===== DATASET EXTRACT

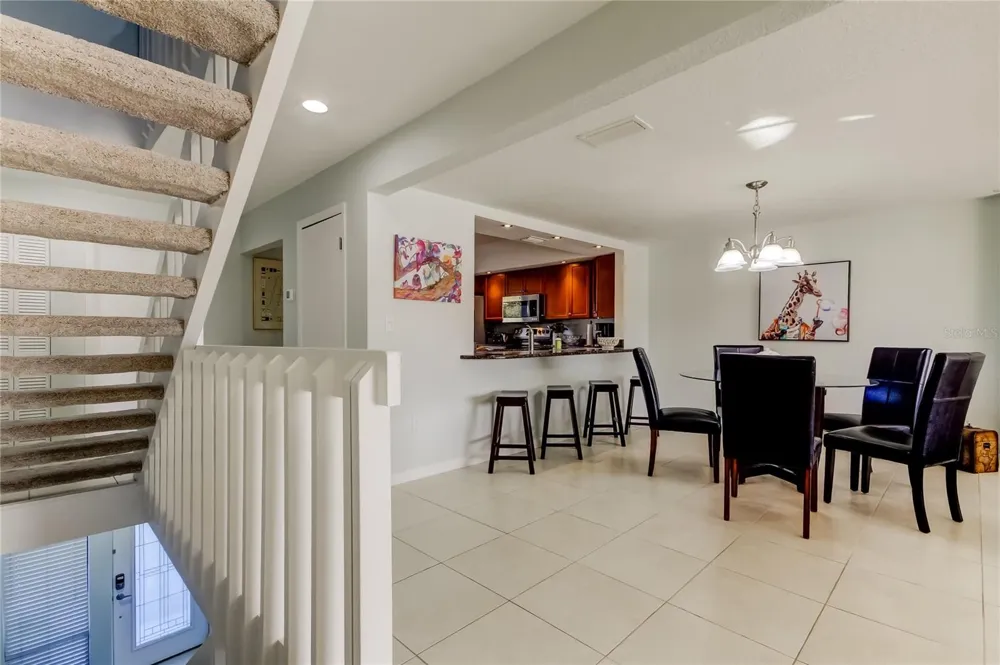 135 92ND AVENUE #5 Treasure Island, FL 33706
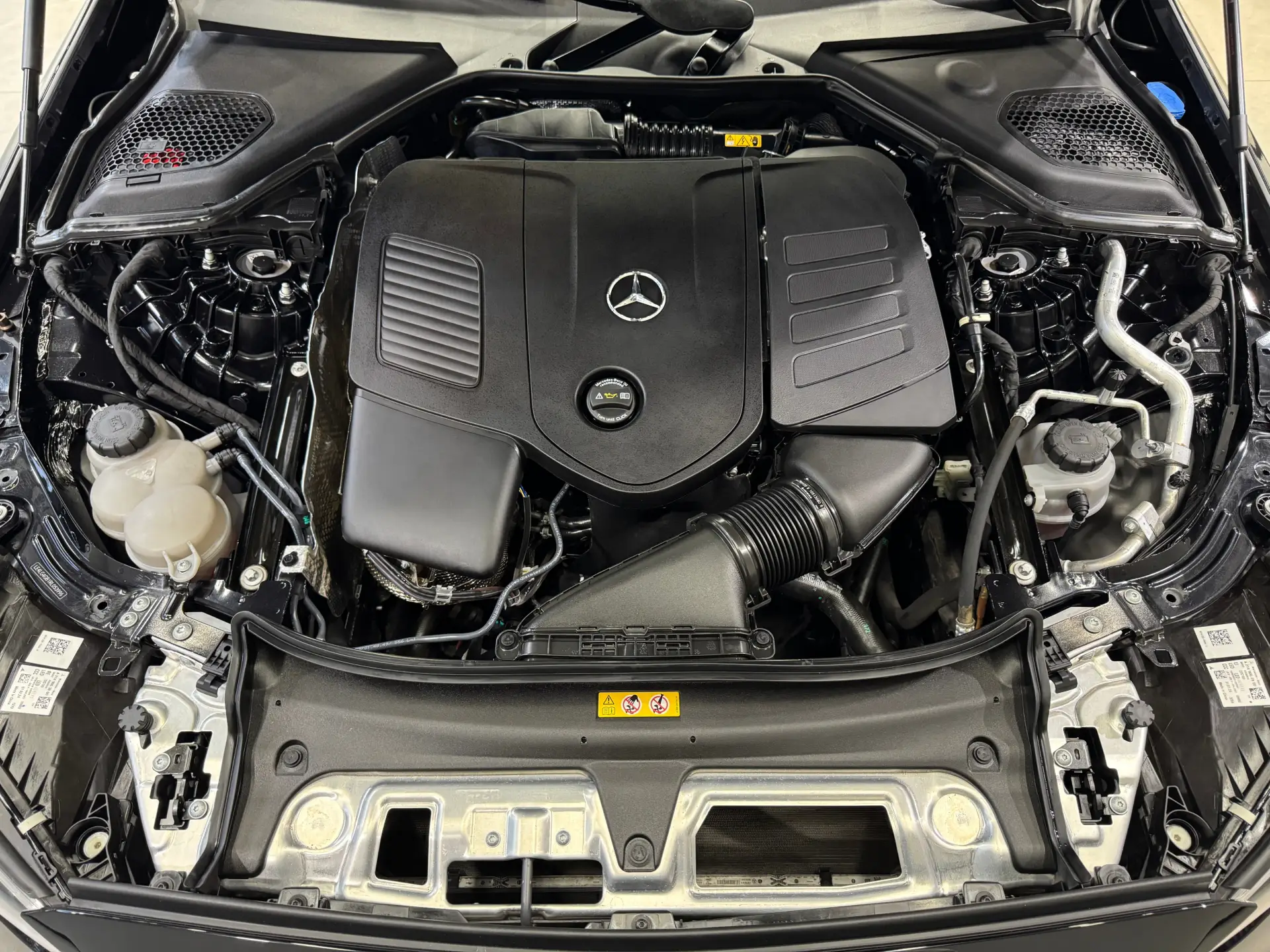 Mercedes-Benz E 300 L, 2024 22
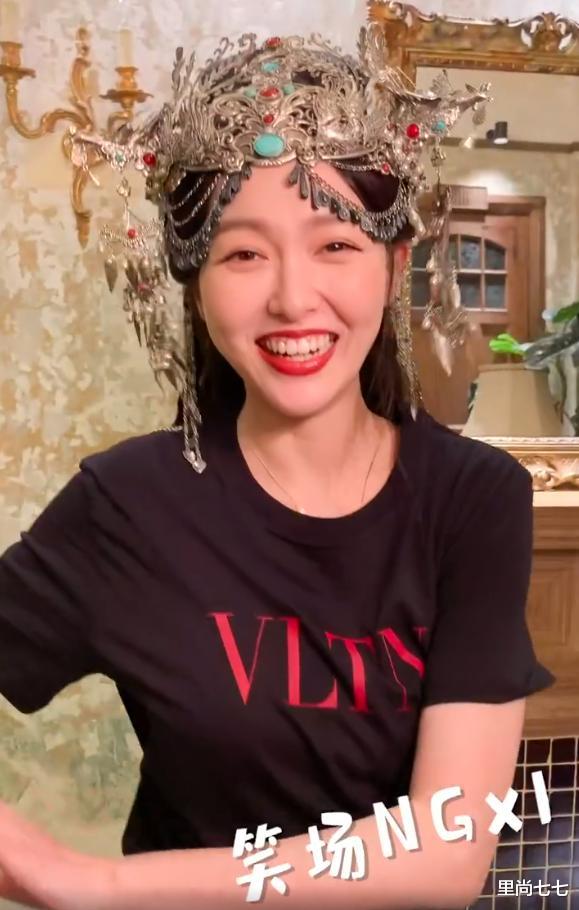 唐嫣:唐嫣产后首次营业!产后4月穿短裙秀麻杆腿,脸却变圆润腰也粗了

==========

__PROBLEM DETAILS__.
Reprint the listing above exactly, without images.

__OUTPUT FOR THIS TASK__.
 135 92ND AVENUE #5 Treasure Island, FL 33706
 Mercedes-Benz E 300 L, 2024 22
 唐嫣:唐嫣产后首次营业!产后4月穿短裙秀麻杆腿,脸却变圆润腰也粗了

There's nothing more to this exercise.